Short descriptive text snippets:
= = = =

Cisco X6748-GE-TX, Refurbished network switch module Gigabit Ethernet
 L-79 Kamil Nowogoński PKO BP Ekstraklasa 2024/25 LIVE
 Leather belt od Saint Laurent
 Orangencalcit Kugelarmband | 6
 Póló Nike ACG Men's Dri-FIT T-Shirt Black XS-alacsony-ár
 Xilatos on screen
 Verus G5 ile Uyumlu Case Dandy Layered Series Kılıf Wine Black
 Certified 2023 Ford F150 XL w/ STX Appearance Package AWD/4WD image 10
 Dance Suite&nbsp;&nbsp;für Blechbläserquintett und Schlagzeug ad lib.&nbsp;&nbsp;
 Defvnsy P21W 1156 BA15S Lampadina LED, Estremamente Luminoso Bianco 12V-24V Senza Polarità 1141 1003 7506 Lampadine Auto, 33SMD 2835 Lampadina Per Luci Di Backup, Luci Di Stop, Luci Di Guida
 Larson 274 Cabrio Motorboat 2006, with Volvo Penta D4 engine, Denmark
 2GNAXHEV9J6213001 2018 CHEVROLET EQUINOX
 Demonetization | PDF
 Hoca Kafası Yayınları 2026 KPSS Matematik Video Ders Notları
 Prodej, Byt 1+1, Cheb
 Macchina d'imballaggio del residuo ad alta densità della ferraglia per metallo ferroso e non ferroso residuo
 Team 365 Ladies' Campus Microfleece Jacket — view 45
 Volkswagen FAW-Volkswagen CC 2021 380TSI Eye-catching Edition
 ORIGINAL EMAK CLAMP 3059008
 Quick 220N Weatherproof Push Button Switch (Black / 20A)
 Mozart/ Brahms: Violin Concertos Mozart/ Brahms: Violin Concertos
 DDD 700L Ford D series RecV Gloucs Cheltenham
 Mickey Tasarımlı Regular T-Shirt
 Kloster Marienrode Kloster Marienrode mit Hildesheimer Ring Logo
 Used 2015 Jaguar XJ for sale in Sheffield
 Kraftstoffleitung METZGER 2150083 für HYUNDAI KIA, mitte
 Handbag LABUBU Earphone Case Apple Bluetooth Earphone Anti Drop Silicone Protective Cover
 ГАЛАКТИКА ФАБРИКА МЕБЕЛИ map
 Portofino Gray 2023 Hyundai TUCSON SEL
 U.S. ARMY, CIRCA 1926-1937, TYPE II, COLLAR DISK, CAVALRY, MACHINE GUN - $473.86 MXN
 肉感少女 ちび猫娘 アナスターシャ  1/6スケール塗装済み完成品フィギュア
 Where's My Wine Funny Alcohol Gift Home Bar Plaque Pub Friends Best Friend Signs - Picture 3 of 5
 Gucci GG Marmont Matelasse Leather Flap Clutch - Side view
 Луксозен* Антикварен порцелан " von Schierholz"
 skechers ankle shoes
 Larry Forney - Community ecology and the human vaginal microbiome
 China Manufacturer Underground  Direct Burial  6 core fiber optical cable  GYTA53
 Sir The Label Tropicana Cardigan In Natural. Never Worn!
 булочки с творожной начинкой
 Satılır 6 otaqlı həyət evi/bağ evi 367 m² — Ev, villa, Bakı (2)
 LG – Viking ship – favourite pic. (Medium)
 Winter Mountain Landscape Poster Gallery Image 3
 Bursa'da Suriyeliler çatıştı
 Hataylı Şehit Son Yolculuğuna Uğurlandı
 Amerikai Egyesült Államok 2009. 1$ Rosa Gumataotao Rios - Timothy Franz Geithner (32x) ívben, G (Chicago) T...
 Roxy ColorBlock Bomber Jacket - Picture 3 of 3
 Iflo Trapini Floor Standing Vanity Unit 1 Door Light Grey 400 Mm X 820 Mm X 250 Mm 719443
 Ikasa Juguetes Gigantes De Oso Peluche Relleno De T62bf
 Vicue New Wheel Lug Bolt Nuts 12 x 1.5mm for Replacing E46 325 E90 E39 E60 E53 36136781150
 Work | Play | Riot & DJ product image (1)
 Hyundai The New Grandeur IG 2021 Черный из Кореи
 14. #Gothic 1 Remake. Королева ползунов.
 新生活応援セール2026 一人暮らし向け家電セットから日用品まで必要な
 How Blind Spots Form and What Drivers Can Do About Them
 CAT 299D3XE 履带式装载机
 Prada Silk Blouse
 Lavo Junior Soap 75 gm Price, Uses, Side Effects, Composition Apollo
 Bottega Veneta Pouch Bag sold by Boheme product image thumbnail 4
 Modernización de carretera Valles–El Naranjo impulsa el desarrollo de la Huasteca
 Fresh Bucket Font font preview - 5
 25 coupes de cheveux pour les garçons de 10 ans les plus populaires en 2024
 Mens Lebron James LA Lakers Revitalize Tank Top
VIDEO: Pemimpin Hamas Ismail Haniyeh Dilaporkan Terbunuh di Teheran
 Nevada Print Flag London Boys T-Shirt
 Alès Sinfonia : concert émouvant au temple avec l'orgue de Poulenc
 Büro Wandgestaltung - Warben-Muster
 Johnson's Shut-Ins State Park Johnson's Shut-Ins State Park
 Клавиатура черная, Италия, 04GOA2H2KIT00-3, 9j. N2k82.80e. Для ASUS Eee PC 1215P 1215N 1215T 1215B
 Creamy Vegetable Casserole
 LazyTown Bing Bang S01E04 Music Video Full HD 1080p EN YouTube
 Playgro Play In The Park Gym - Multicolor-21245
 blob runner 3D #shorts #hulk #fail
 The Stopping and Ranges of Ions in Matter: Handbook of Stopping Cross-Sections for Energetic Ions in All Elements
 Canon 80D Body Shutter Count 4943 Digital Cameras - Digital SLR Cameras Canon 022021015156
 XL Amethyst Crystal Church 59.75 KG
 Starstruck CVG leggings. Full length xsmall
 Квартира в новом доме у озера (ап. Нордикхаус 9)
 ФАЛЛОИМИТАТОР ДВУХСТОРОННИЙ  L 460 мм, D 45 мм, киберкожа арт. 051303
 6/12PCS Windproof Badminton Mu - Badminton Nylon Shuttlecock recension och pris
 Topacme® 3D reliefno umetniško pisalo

= = = =

■ Instructions to follow: Copy out each line of the data above, exactly, if it lies between the line holding "CAT 299D3XE 履带式装载机" and the line holding "Bottega Veneta Pouch", inclusive; copy no other line.

■ Solution for this task:
 CAT 299D3XE 履带式装载机
 Prada Silk Blouse
 Lavo Junior Soap 75 gm Price, Uses, Side Effects, Composition Apollo
 Bottega Veneta Pouch Bag sold by Boheme product image thumbnail 4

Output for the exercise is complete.